This can all get very complicated (too much for a post here), but the 
bottom line is that when the system is controlled in this way, the 
stability of the motivation system is determined by a very large number 
of mutually-reinforcing contraints, so if the system starts with 
intentions that are (shall we say) broadly empathic with the human 
species, it cannot start to conceive new, bizarre motivations that break 
a significant number of those constraints.  It is always settling back 
toward a large global attractor.

The problem with humans is that they have several modules in the 
motivation system, some of them altruistic and empathic and some of them 
selfish or aggressive.   The nastier ones were built by evolution 
because she needed to develop a species that would fight its way to the 
top of the heap.  But an AGI would not need those nastier motivation 
mechanisms.  If you subtract out those unwanted modules what you have 
left is an altruistic saint of an AGI, with a motivation system has 
three very important properties:

1)  If the AGI starts out wanting to help the human species because it 
feels like it belongs with us, then it can only develop new ideas about 
how to behave that are consistent with that motivation.

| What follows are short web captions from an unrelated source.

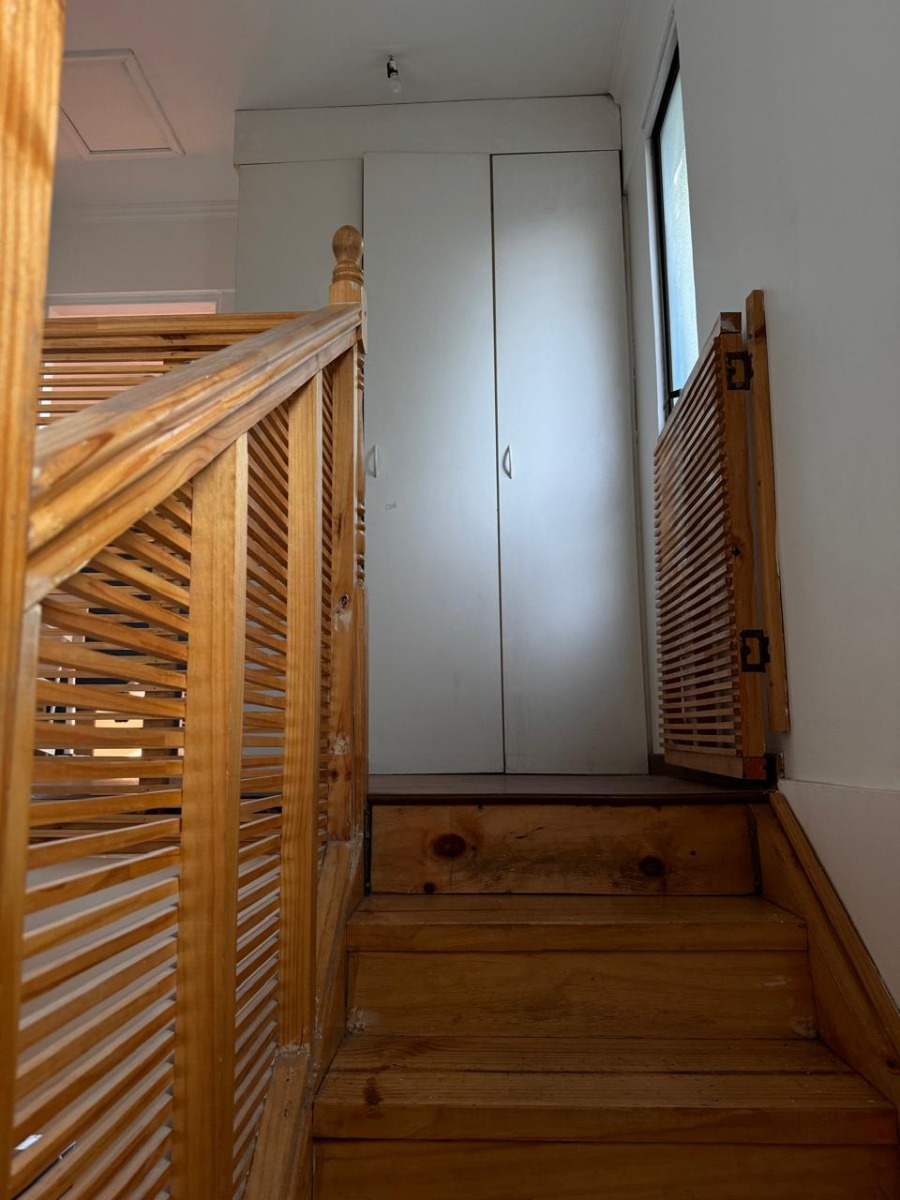 Venta Casa NO 3D 2B 1E 1B Francisco de Villagra - La Reina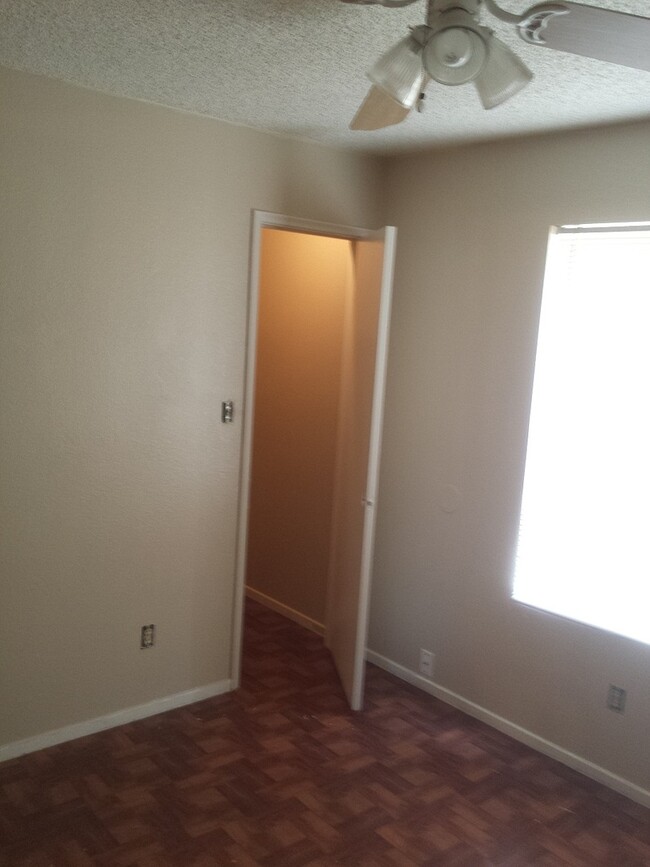 Building Photo - Great Condo for Rent!! Dont miss out!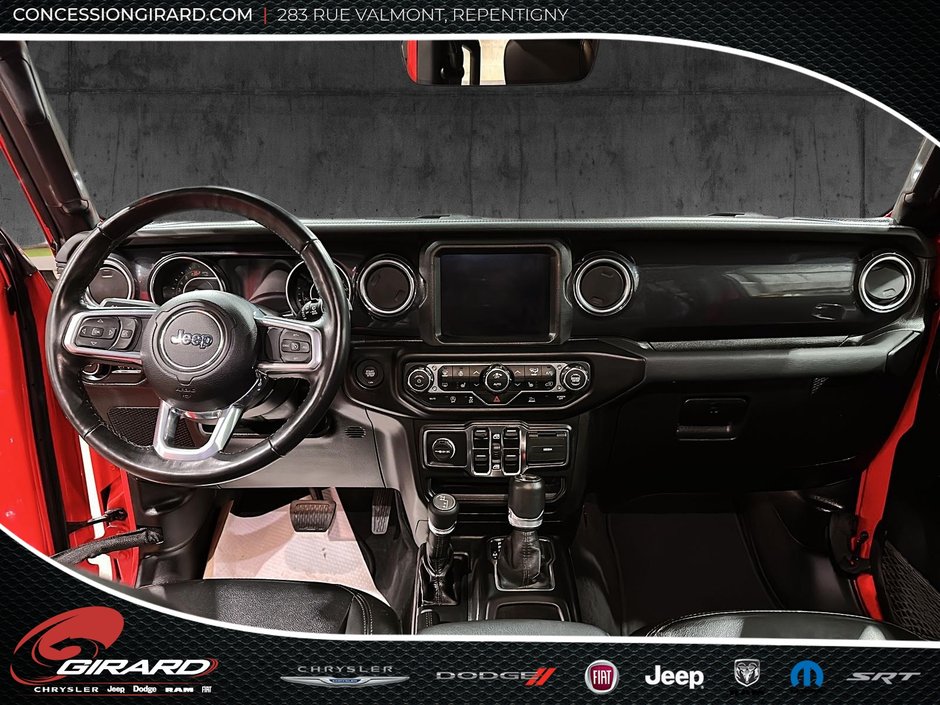 Jeep Wrangler Unlimited Sahara Altitude 2022-13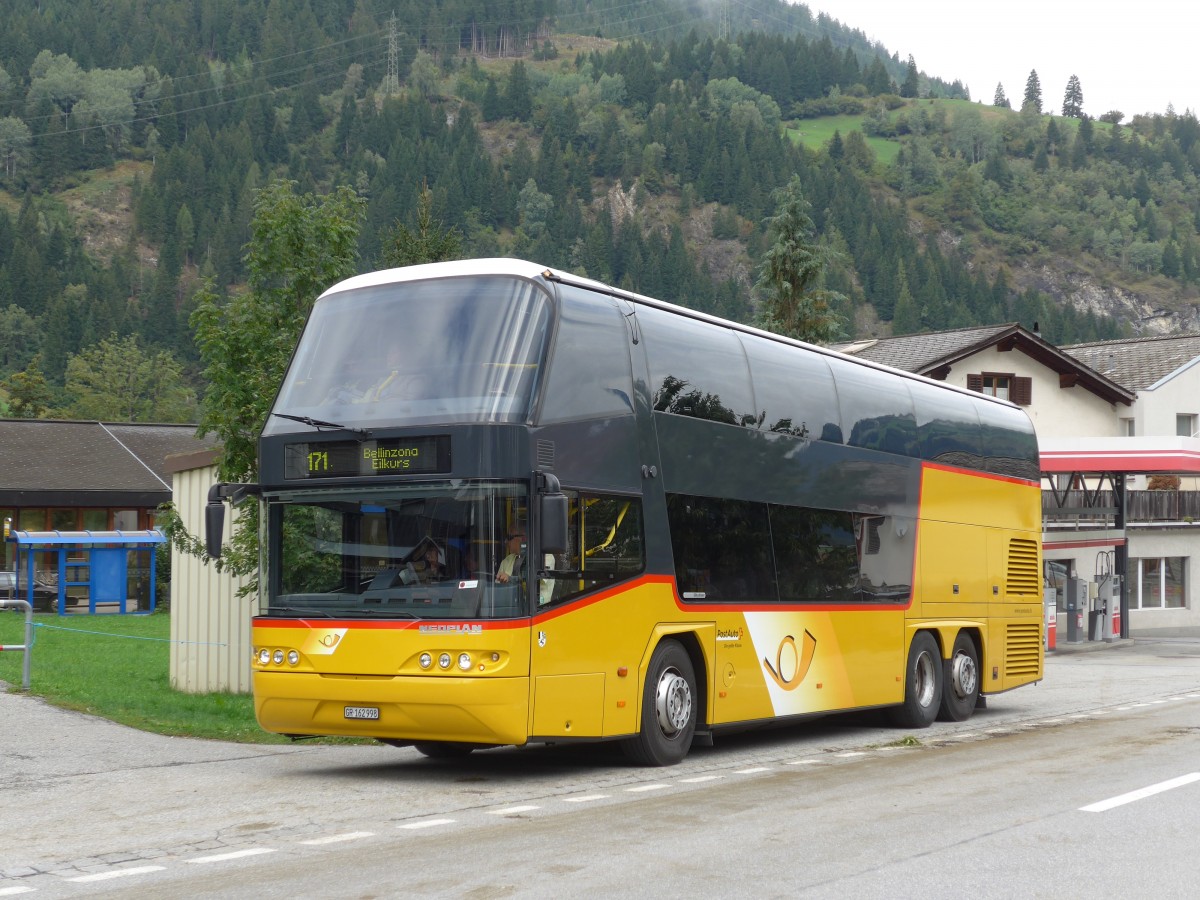 (165'238) - PostAuto Graubnden - GR 162'998 - Neoplan am 19. September 2015 in Andeer, Tgavugl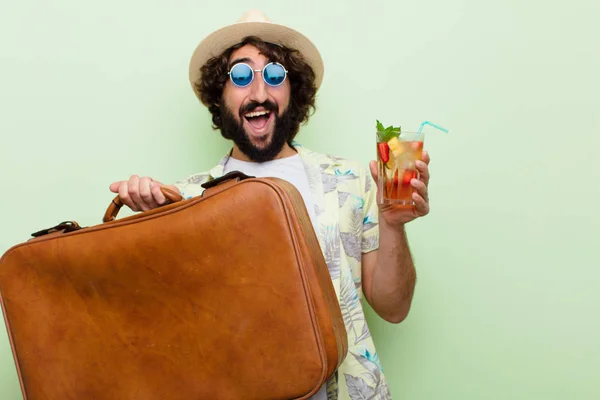 Young Crazy Bearded Man Cocktail Travel Concept — ストック写真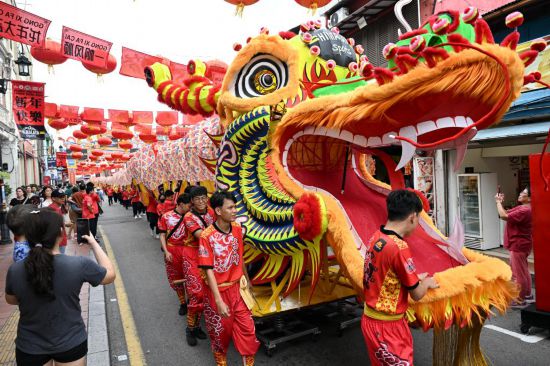 2月1日，由馬來西亞和中國的100多名青少年組成的舞龍隊(duì)在馬來西亞馬六甲市雞場(chǎng)街上共舞一條近200米的“長(zhǎng)龍”。這是活動(dòng)現(xiàn)場(chǎng)的“長(zhǎng)龍”。新華社記者程一恒攝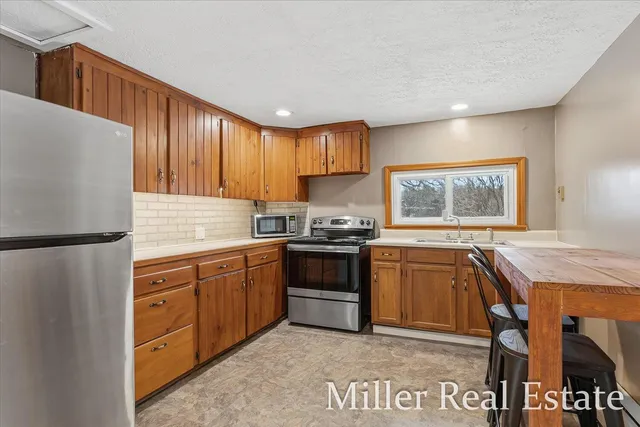 $199,900 | 7410 Bivens Road, Nashville, MI 49073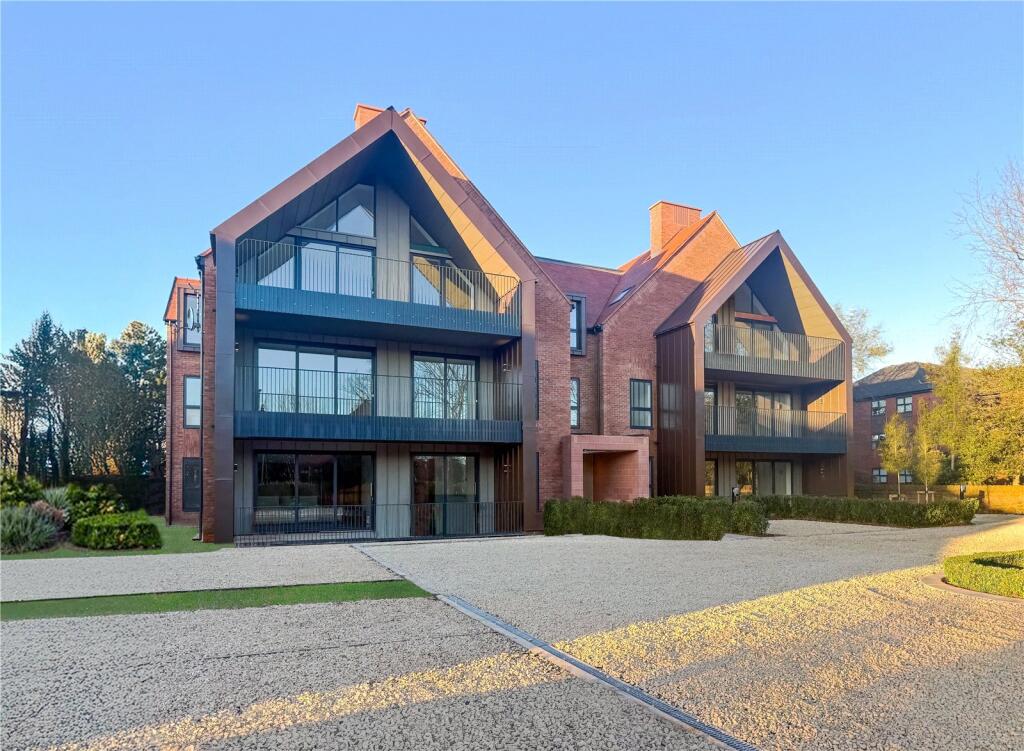 Main image of property: The Links, Meols Drive, West Kirby, CH48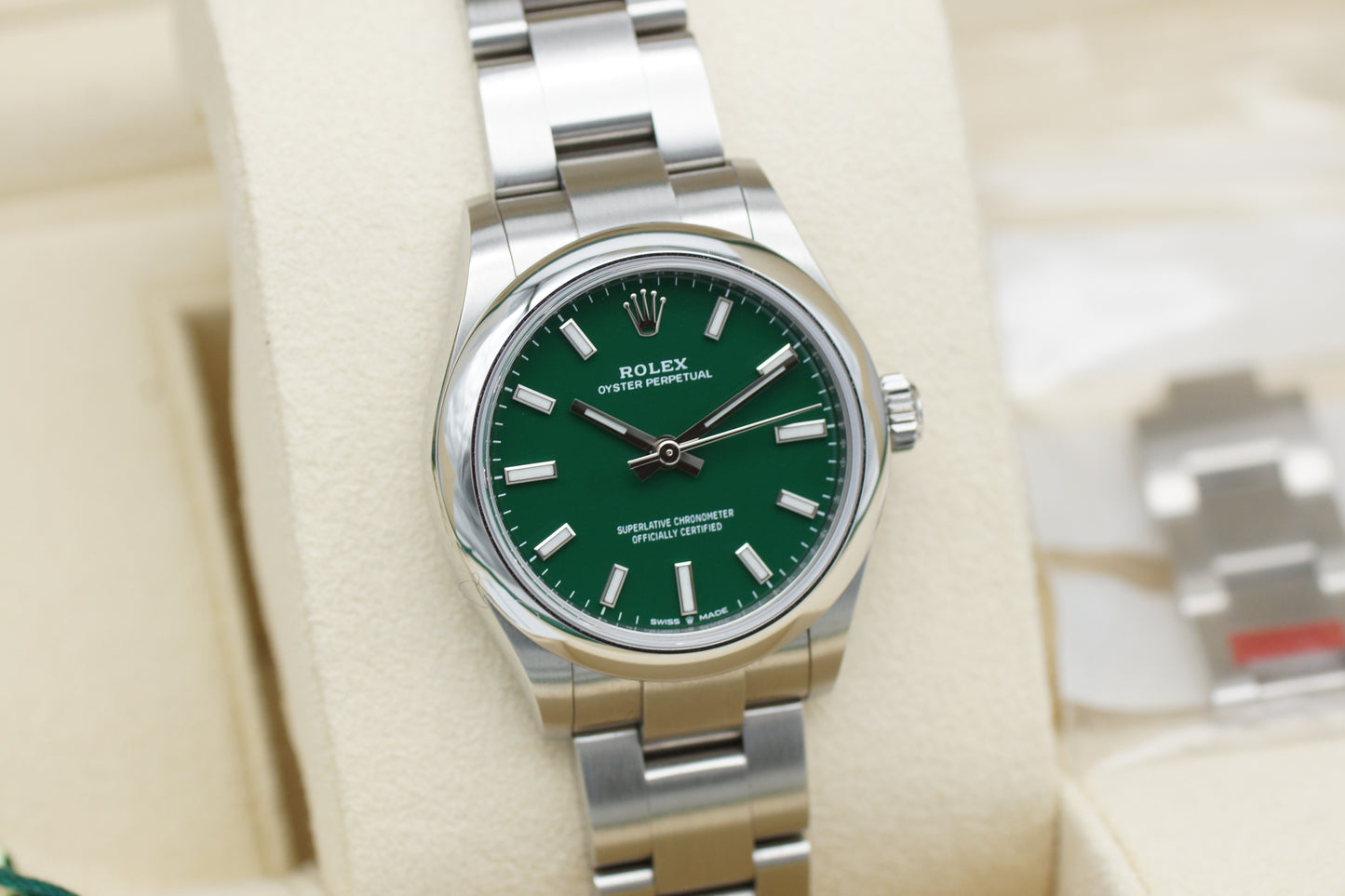 Rolex Oyster Perpetual 31 Grün 277200 Full-Set 2022 (LC100)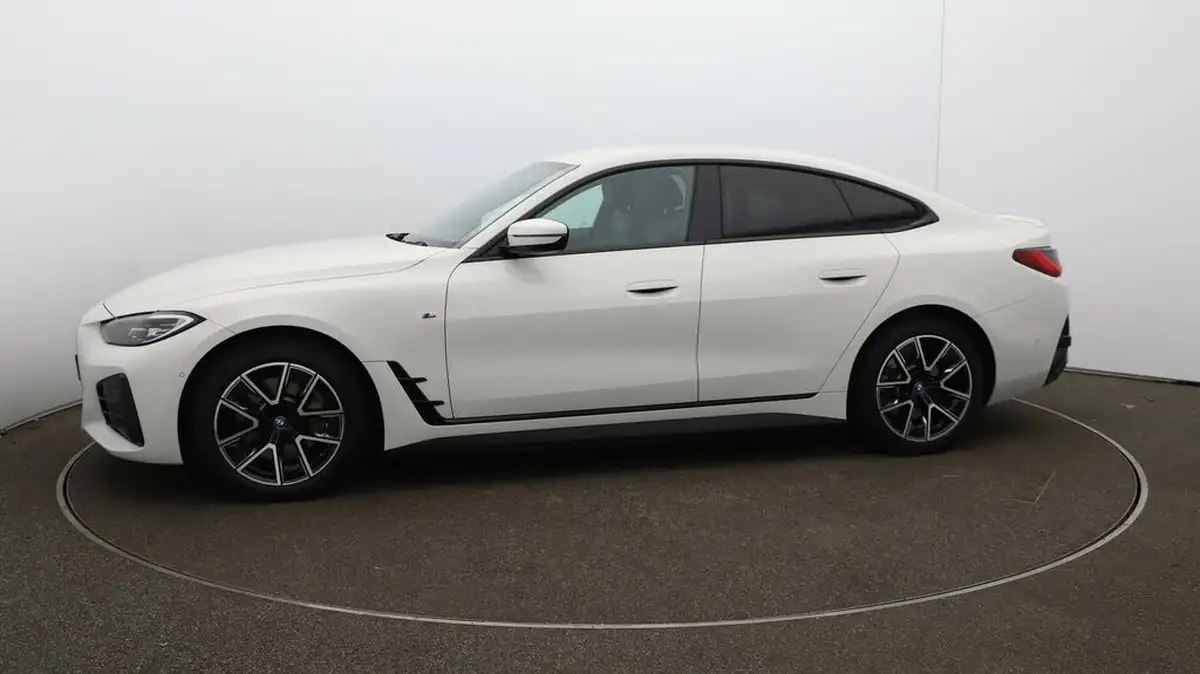 2022-bmw-i4-e-edrive40-m-sport-big-60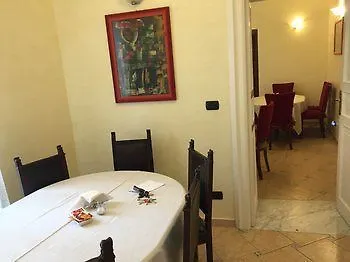 לינה וארוחת בוקר Acropoli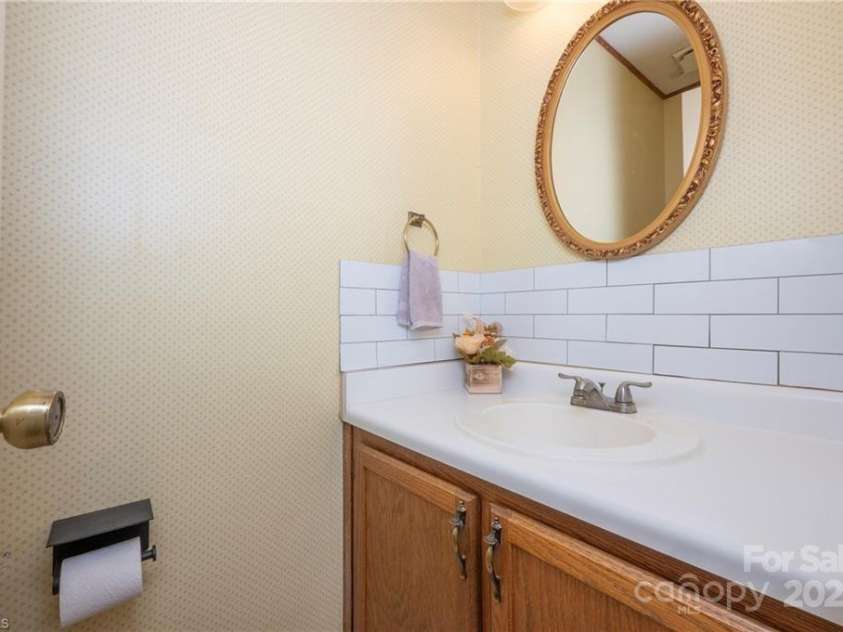 911 Shelby Drive, Greensboro, NC 27409.  MLS# CAR4297653, YatesRealty ID 35078. 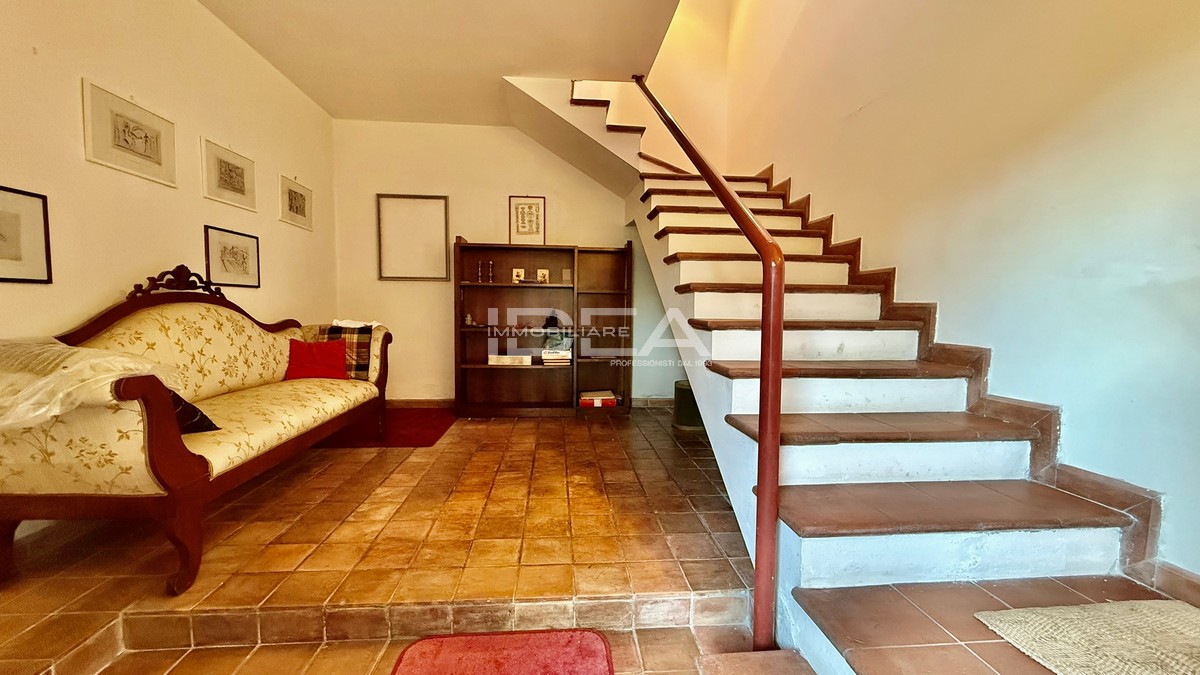 Villa con giardino in via corte mei, Capannori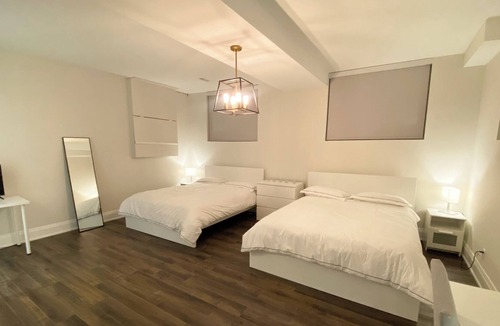 Georgina Cottage | Private Luxurious Lake Simcoe Cottage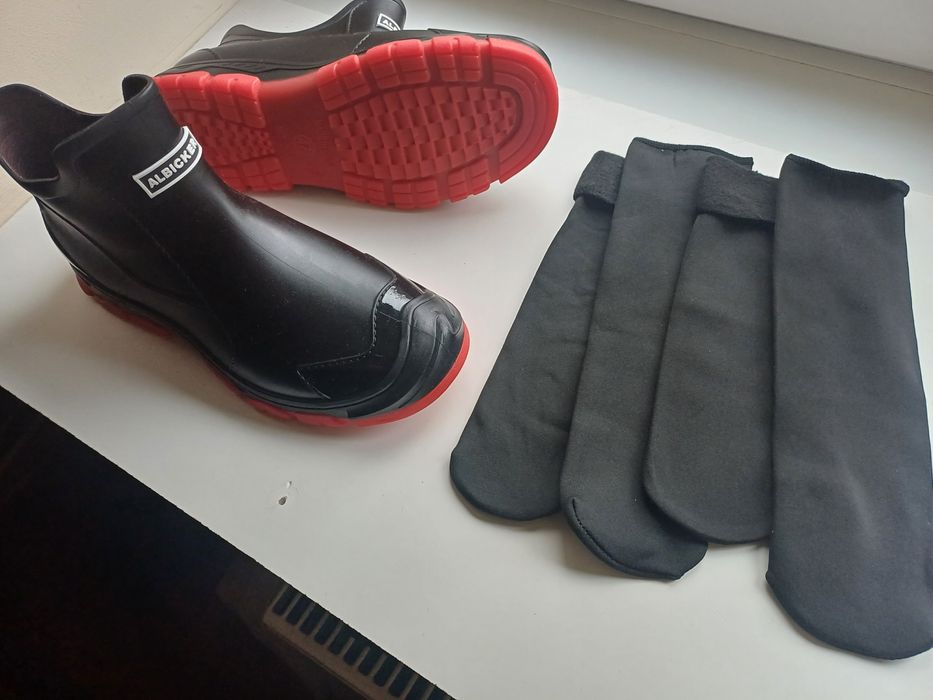 Cizme de ploaie noi, impermeabile.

2)  For that same reason, if the AGI were given the chance to redesign 
itself, it would always want to improve its motivation mechanism to keep 
it consistent with those original motivations.  As a result, over time 
the motivation of the AGI would not drift, it would stay consistent with 
the feeling of empathy for humans.

3)  If some problem occurred in the computational substrate of the AGI 
(a random cosmic ray strike on the motivation module) the disruption 
would be very unlikely to leave the system with different, violent 
motivations.  That would be rather like a random cosmic ray collision 
causing you to have such specific damage to your body that a second 
after the collision you had a new, fully functional third arm attached 
to your body -- a ridiculously unlikely event, obviously.

This is what I mean by safety.  An AGI whose motivations had the same 
stability of design, as a human being, but without the specific modules 
(selfishness and aggression, primarily) that are present in the human 
system.

Richard Loosemore